Ostatnimi
laty jestem pod niemałym wrażeniem dynamiki z jaką współczesne formacje
reprezentujące scenę rock/metalową są w stanie zaskakiwać nas – fanów zmianami
brzmienia swojej muzyki.
Do
takiego zabiegu sięgnął nawet, bardzo wierny tradycyjnemu, wręcz klasycznemu
charakterowi swojej twórczości zespół Alter Bridge, który wydając w połowie
października 2019 roku swój najnowszy album „Walk the Sky” sprawił swoim słuchaczom
niemałą niespodziankę.
Co
najbardziej zaskakujące ową niespodziankę udało się utrzymać w tajemnicy aż do
premiery albumu, ponieważ nawet udostępnione przed 18 października utwory nie zwiastowały
kierunku, w jakim członkowie formacji zdecydowali się pójść nagrywając szósty
już w swoim dorobku longplay.
A
jest to kierunek naprawdę zaskakujący, ponieważ kompozycjom wypełniającym album
„Walk the Sky” tworzący go muzycy nadali ciekawego, i jak się okazuje bardzo
trafnego elementu melodyjności, a nawet orientalności.
Słychać
to już w otwierającym całość, najkrótszym ze wszystkich utworów „One Life”
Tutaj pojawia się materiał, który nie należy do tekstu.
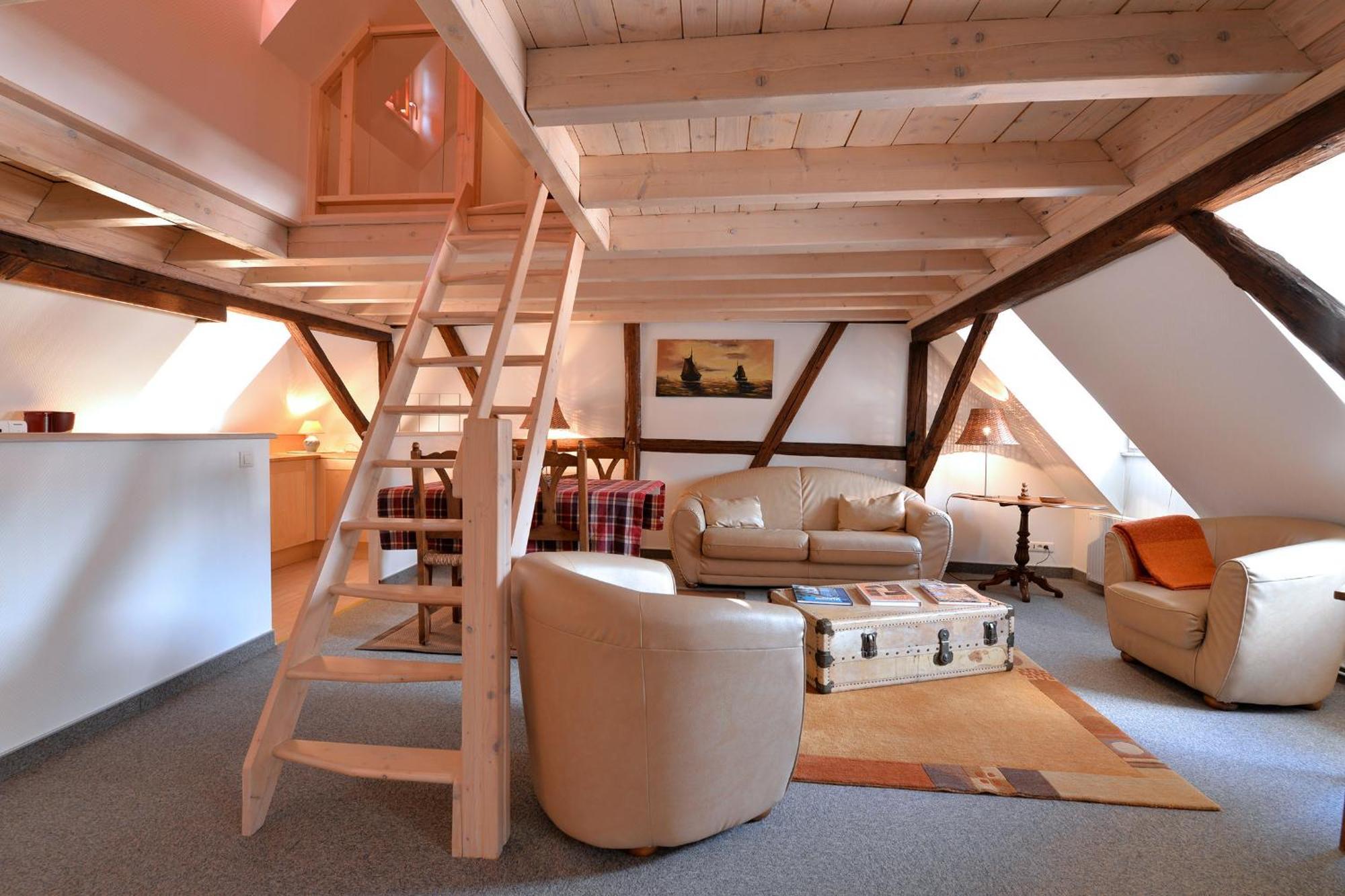Domaine La Cour Des Nobles - Demeure, Maison Et Appartements Au Coeur De Riquewihr Rum bild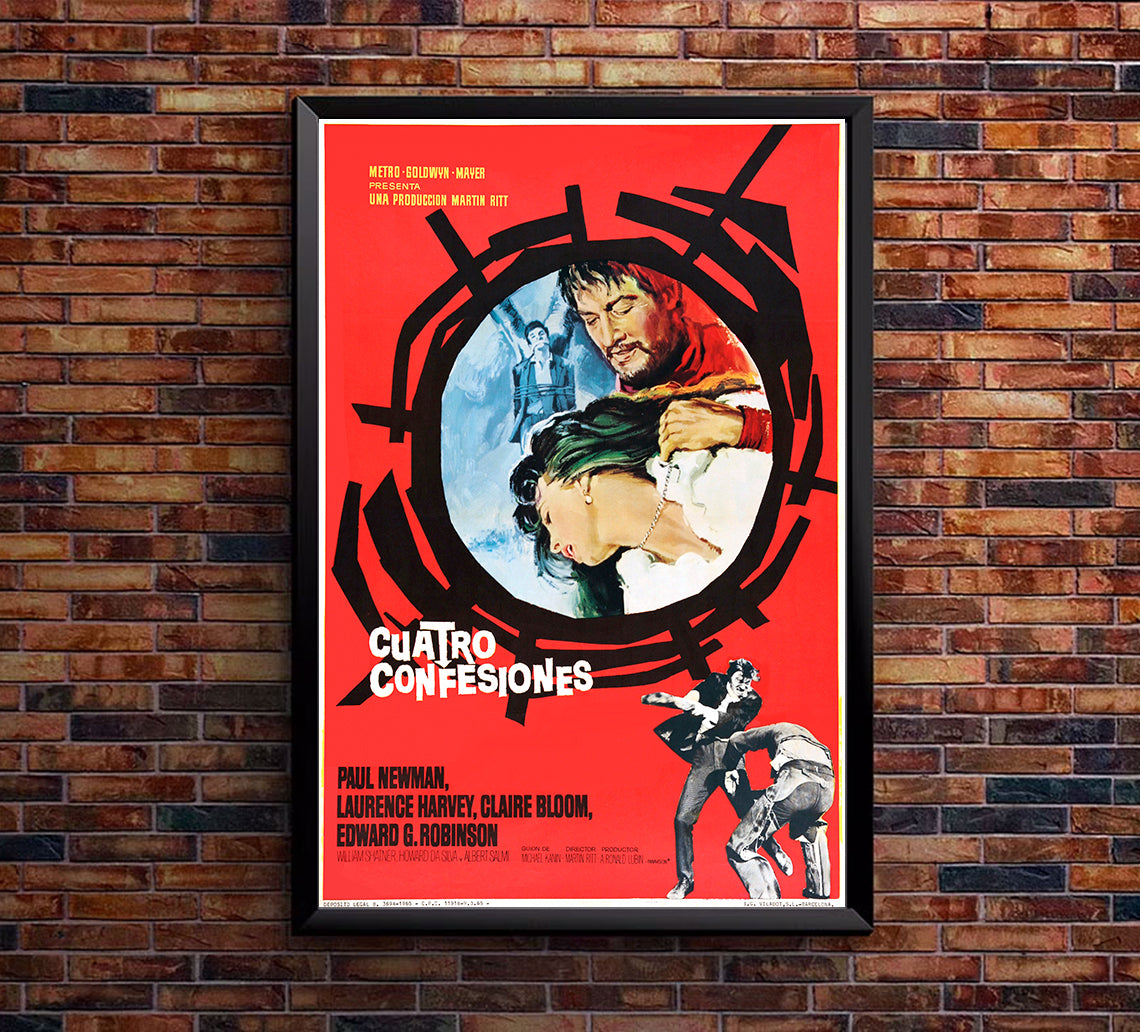 The Outrage 1964 - Paul Newman - Spain (3) - Classic Movie Poster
opartym na hipnotyzującej melodii i sposobie śpiewania, do jakiego Myles
Kennedy przyzwyczaił fanów w czasie swoich występów z zespołem The Mayfield
Four.
Kolejne
dwa utwory „Wouldn’t You Rather” i „In the Deep” uspokoić mogą nieco
zwolenników tradycyjnego brzmienia Alter Bridge, ponieważ są porcją solidnej hard
rockowej muzyki. Podobnie, również wydane jako singlowi reprezentanci albumu –
ciężki „Pay No Mind” i ostatni w trackiliście „Dying Light” zamykający zestaw składający się
na trwający nieco ponad godzinę materiał.
Poza
tymi kilkoma utworami utrzymanymi w charakterystycznym stylu zespołu, warto bliżej
przyjrzeć (przysłuchać) się pozostałym kompozycjom, dzięki którym longplay „Walk
the Sky” zyskał świeżego i bardzo interesującego brzmienia. A wpływ na to ma
dźwięk perkusji, który jest wyraźnym punktem każdego z dotychczas nagranych
albumów Alter Bridge, jednak sposób w jaki Scott Phillips gra na swoim
instrumencie w „The Bitter End” czy „Godspeed” sprawia, że utwory te nabierają
solidnej mocy, ciekawie kontrastującej z melodyjnym sposobem śpiewania Mylesa
Kennedy’ego.
Pozostając
przy instrumentach, warto wspomnieć także o innowacyjnym dla zespołu rozwiązaniu,
jakim jest wykorzystanie syntezatorów. Ich dźwięk wpleciony został w melodię
między innymi „Godspeed” i „Walking on the Sky” doskonale komponując się i
tworząc bardzo świeże oblicze muzyki Alter Bridge.
Nagrywając
„Walk the Sky” zespół zdecydował powrócić także do zawsze cenionego przeze mnie
dwugłosowego wykonywania utworów (nie tylko ich refrenów). Dzięki temu
zabiegowi równolegle słyszymy śpiewających Kennedy’ego i Tremontiego, co nadaje
kompozycjom – „Take the Crown” czy „Tear Us Apart” dodatkowej dynamiki.
I
coś o czym oczywiście nie można nie wspomnieć w przypadku muzyki tworzonej
przez Alter Bridge są gitarowe melodie momentami brzmiące iście orientalnie – „Native
Son” i „Indoctrination”, a z drugiej strony bardzo klasycznie, ale w
żadnym wypadku nie wtórnie w „Clear Horizon” i zaśpiewanym przez Marka
Tremontiego jako głównego wokalistę „Forever Falling”
Zespół
Alter Bridge albumem „Walk the Sky” wprowadził powiew świeżości do swojej
sześcioalbumowej już dyskografii. Idąc z duchem muzycznego czasu sięgnął po
rozwiązania dotychczas niewykorzystywane lub dawno zarzucone z wyczuciem łącząc
je ze swoim charakterystycznym, rozpoznawalnym stylem, co okazało się być
genialnym posunięciem. Zdecydowanie polecam.